When I crossed the line, I had nothing left to give. I left it all out there. And that felt good. I didn’t PR. And I’d no idea how I placed. But I got everything out of myself. I knew I could not have gone any harder or any faster. That was my best.

Two volunteers caught me in the finishing chute, and I’d been given the green light to get an IV.



But Michelle had been spectating all day, and I didn’t want her to wait one second longer. So I declined the IV (which really would’ve expedited recovery), and I went straight to my wonderful wife.

I soon learned that while the athlete tracker made it look like a ding-dong battle, I did make my way to 5th by the time I crossed the finish line. There were 6 Kona slots for my age group, so it was great to know that Michelle and I will spend next October on the big island again!

Overall, I felt really good about my race. I could not have gone one second faster, as I believe I gave a true 100%. Further, during the race I determined that I’d likely not ever do Ironman Arizona again. This was my 10th IMAZ. Among my finishes here are a 10, 11, 12, and 14 hour finish. I’ve spent a great deal of time at this race and on this course. To finally finish on the podium with a Kona-qualifying slot is a great way for me to say goodbye to Tempe.

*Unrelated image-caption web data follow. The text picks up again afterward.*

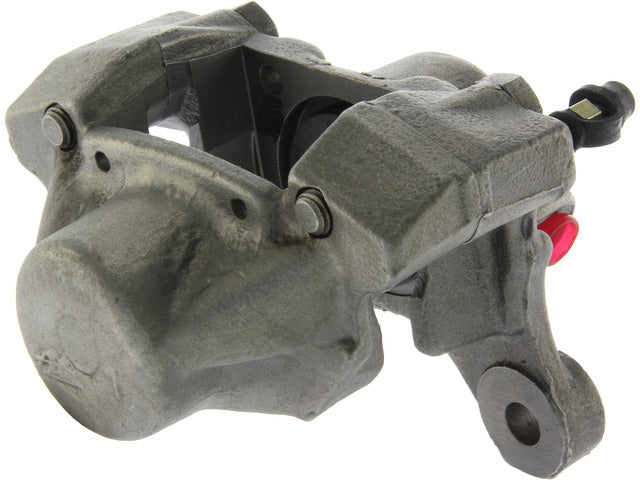 Centric Parts Disc Brake Caliper P/N:141.39521 Fits: Volvo 760 84-83 - Image 4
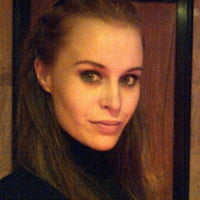 melanie-haselmayr 頭像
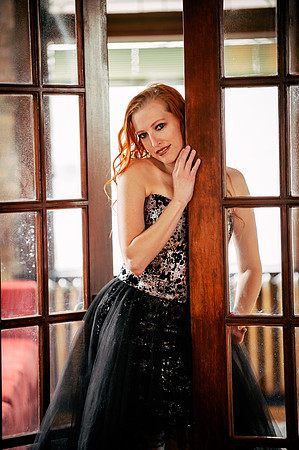 DJB_0734
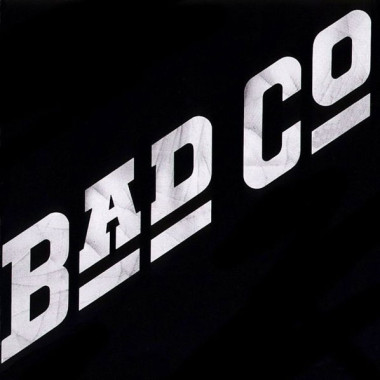 Bad Company Bad Company • Bad Company Bad Company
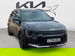 Kia Niro 1.6 GDi HEV 4 5dr Automatic 2024
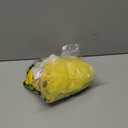 Lingerie Sets for Women Sexy Princess Costumes Cosplay Outfits Halloween Lingerie Roleplay with Bra and Panty (Medium, Yellow)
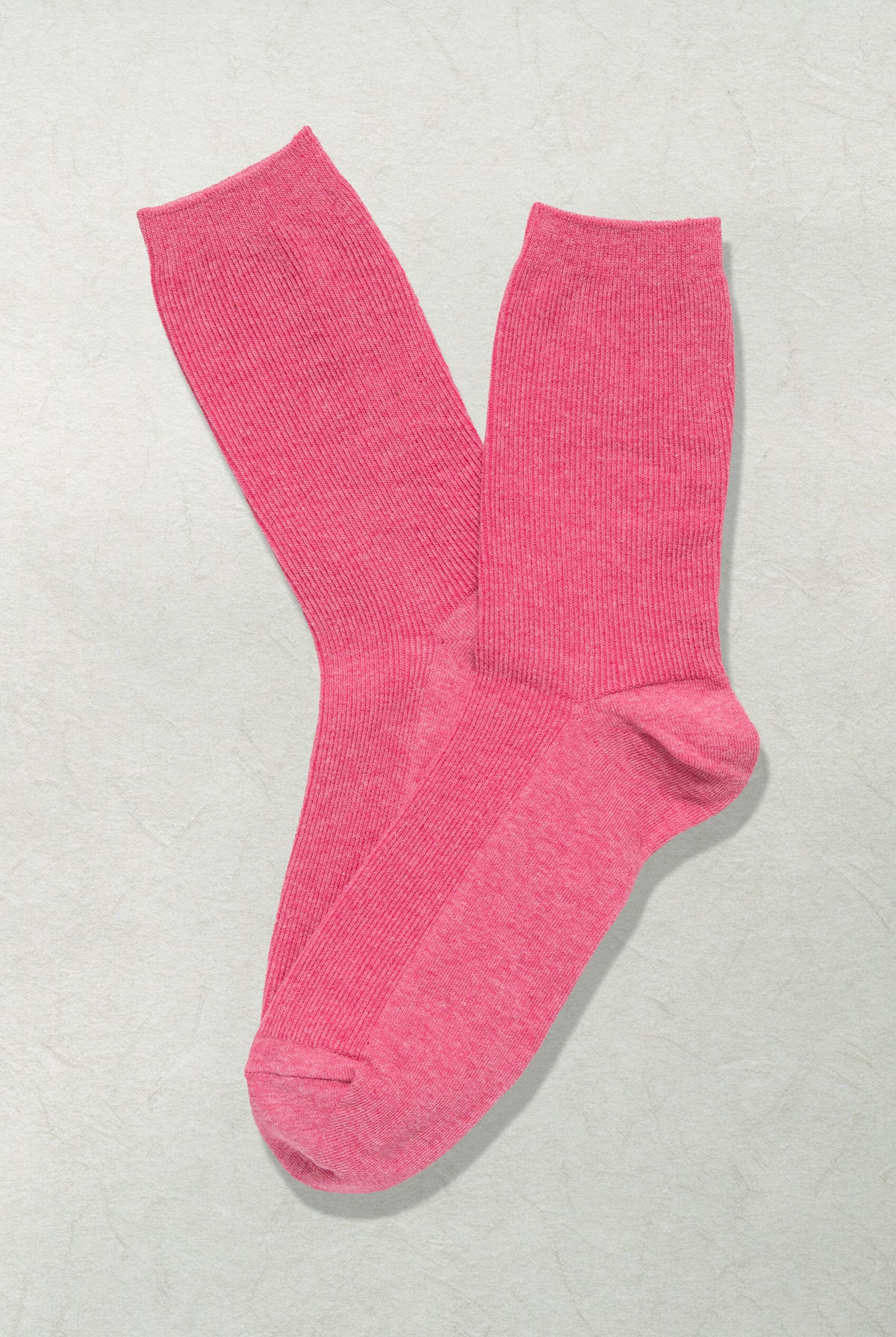 The Daily Canvas – Crushed Raspberry - Sole of Seoul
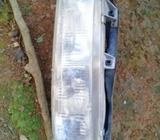 Mitsubishi Colt Foco Izquierdo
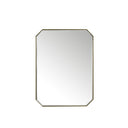 Champagne Brass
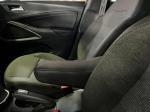opel-crossland-2024-gasolina-1199cc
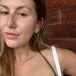 Paige Owens (18+)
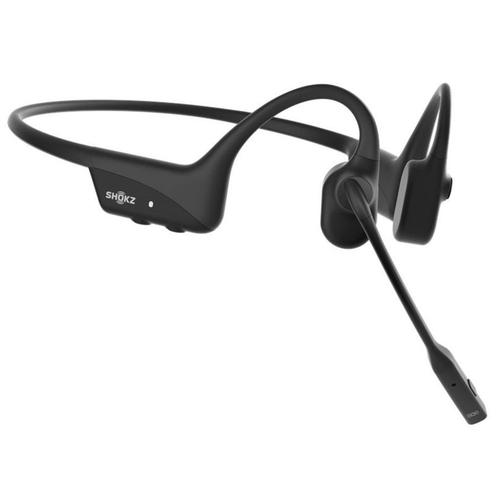 Casque sans-fil Shokz Opencomm2 2025 Upgrade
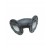 10" X 90° DI DF BEND [EDIP]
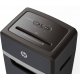 Знищувач документів HP OneShred (2808) Знищувач документів HP OneShred (2808)
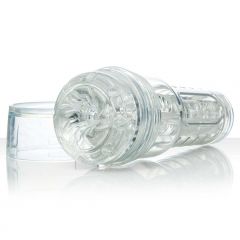 Fleshlight GO Torque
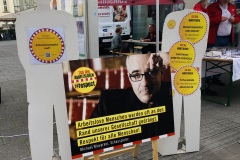 Foto4_jz
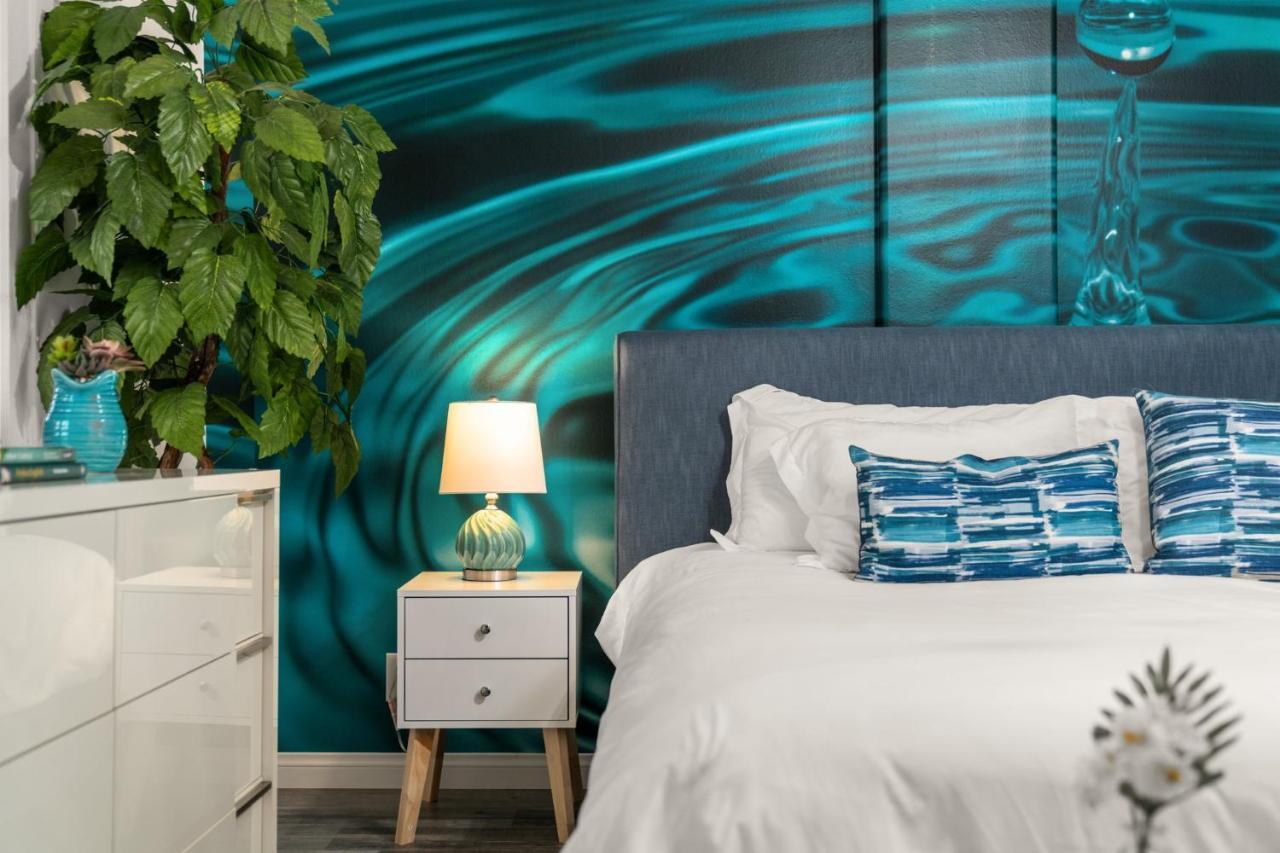 Avalon Bnb - 35 Percent Off May 2025! Low Fees Лос-Анджелес Экстерьер фото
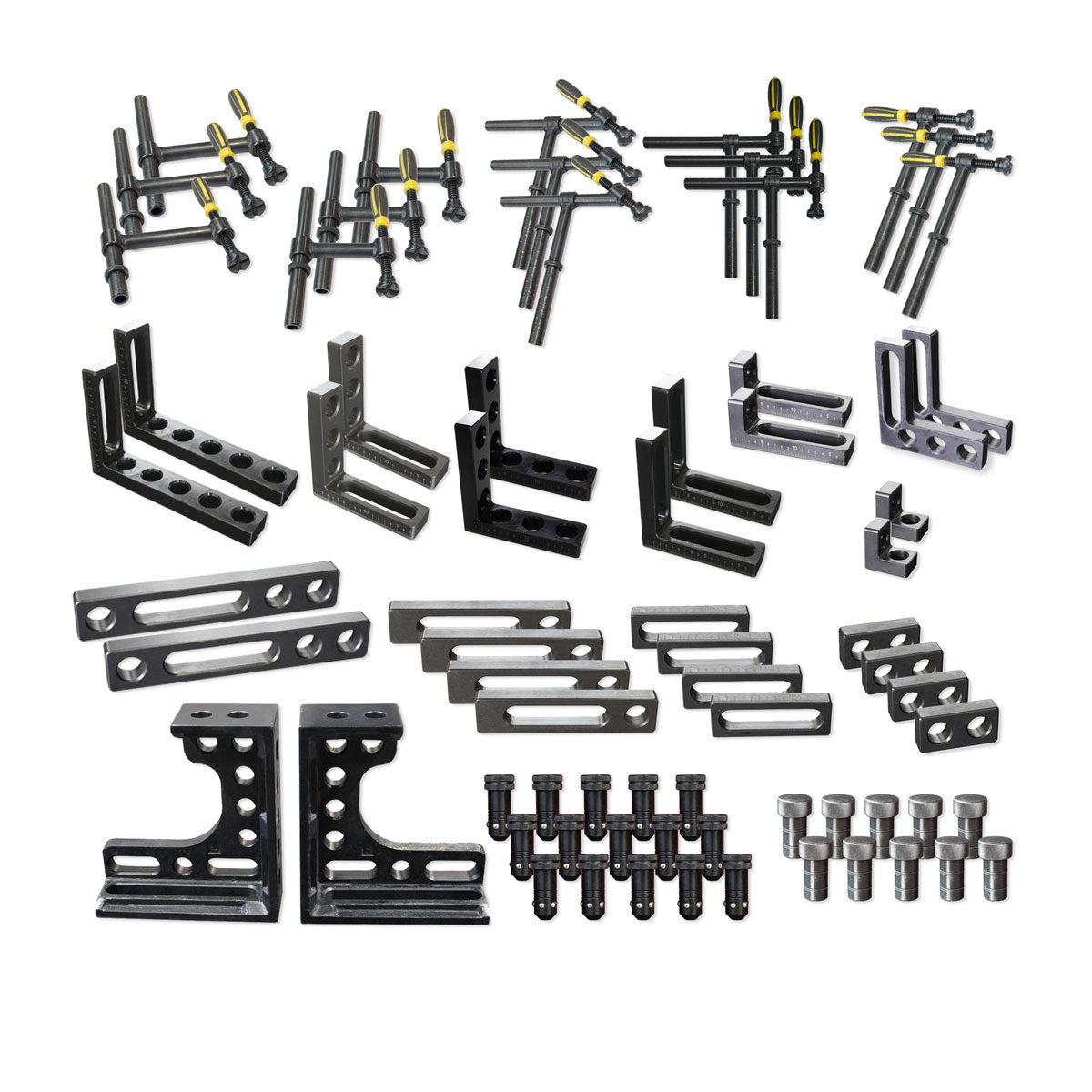 70tlg-werkzeuge-set
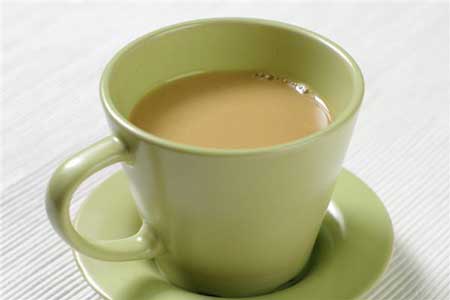 卡旺卡奶茶加盟店产品服务的重要性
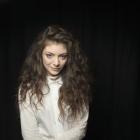 Lorde has been nominated for four Grammys - Record of the Year, Song of the Year, Best pop solo...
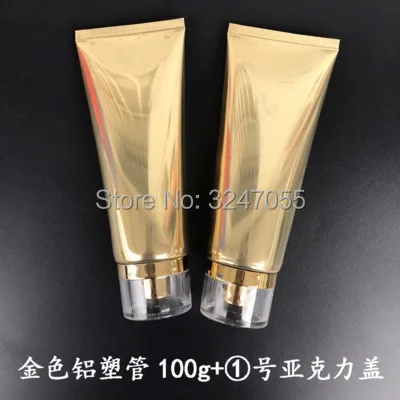 100ml  6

And when I returned home, this was waiting for me.



  1. Hey Jason, Great report and congrats on going to Kona! I’m doing my first full IM this November in AZ. Any tips for a first timer? Thanks!

    Liked by 1 person

    1. Thanks Dondie! If it’s your first IM, don’t focus on your time or your AG position. Just enjoy the day. Have fun. When you finish your first full IM, there’s nothing like it.